**How to complete this task**: Apart from the images, repeat the data below exactly as written.

**Supplied information**:
⁂
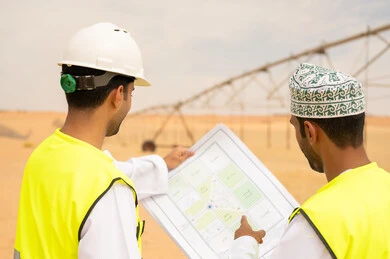 مهندسون عمانيون يراجعون مخططات في موقع صحراوي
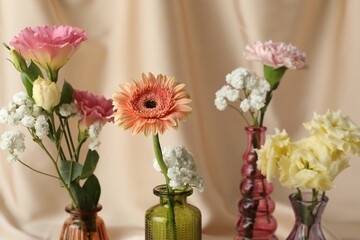 Beautiful flowers in glass vases against beige cloth, closeup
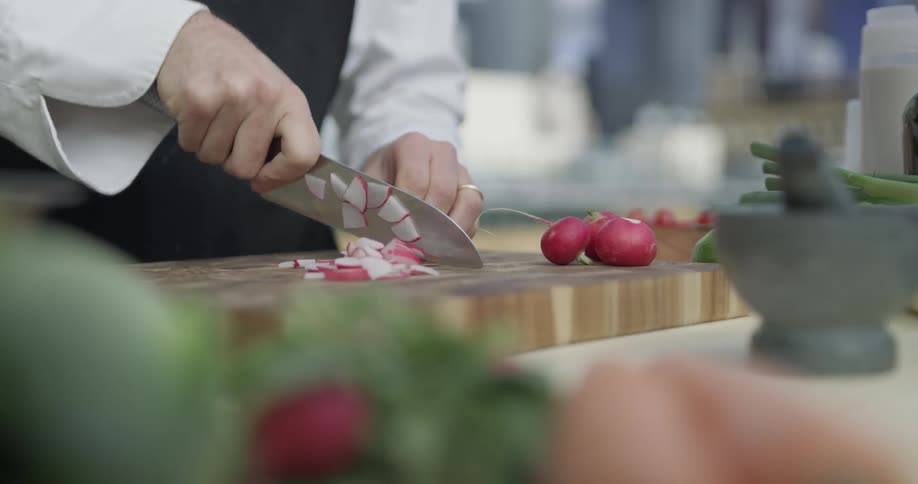 A chef chops up radishes on a cutting board outside with a city background behind him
⁂
**Solution below**:
 مهندسون عمانيون يراجعون مخططات في موقع صحراوي
 Beautiful flowers in glass vases against beige cloth, closeup
 A chef chops up radishes on a cutting board outside with a city background behind him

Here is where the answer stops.